La question centrale de l’affaire amenée jusqu’en Cour suprême par la Société de l’Acadie du Nouveau-Brunswick (SANB) était de savoir si la nomination d’une personne unilingue au poste de lieutenant-gouverneur général du Nouveau-Brunswick porte atteinte aux garanties constitutionnelles d’égalité linguistique de la Charte canadienne des droits et libertés, notamment celles spécifiques au Nouveau-Brunswick, seule province officiellement bilingue du Canada.

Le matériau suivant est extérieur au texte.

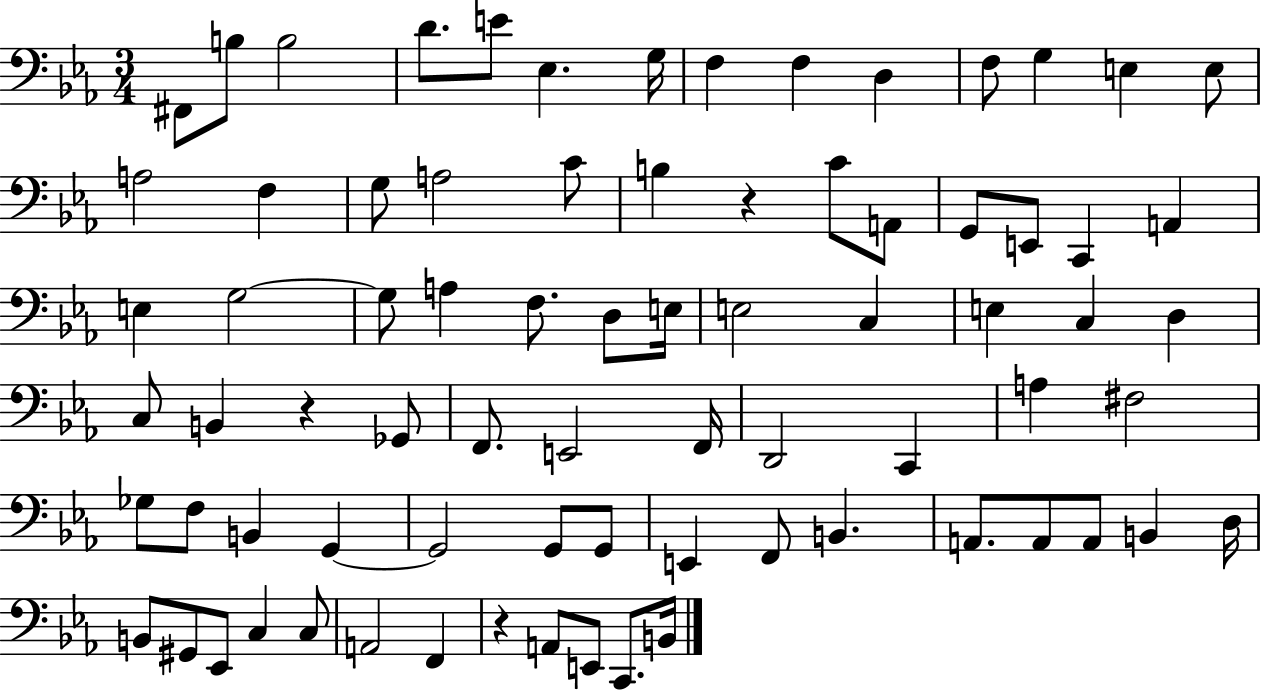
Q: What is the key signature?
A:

Responsabilité constitutionnelle
Oui, ont tranché six juges de la Cour suprême – Wagner, Côté, Kasirer, Martin, Moreau et O’Bonsawin – contre trois. Ils donnent ainsi raison au principal demandeur, la SANB, qui a plaidé que le premier ministre du Canada avait la responsabilité constitutionnelle de nommer une personne bilingue au poste de lieutenant-gouverneur du Nouveau-Brunswick.

«La nomination d’un lieutenant-gouverneur au Nouveau-Brunswick n’ayant pas la capacité de comprendre les deux langues officielles et de communiquer dans celles-ci dans l’exercice de ses fonctions enfreint le par. 16(2) de la Charte», rédige ainsi le juge-en-chef Richard Wagner, dans la décision.
En revanche, la Cour suprême ne désavoue pas la nomination et refuse d’annuler les actes de l’ancienne gouverneure générale de la province dont la nomination a déclenché cette affaire, Brenda Murphy.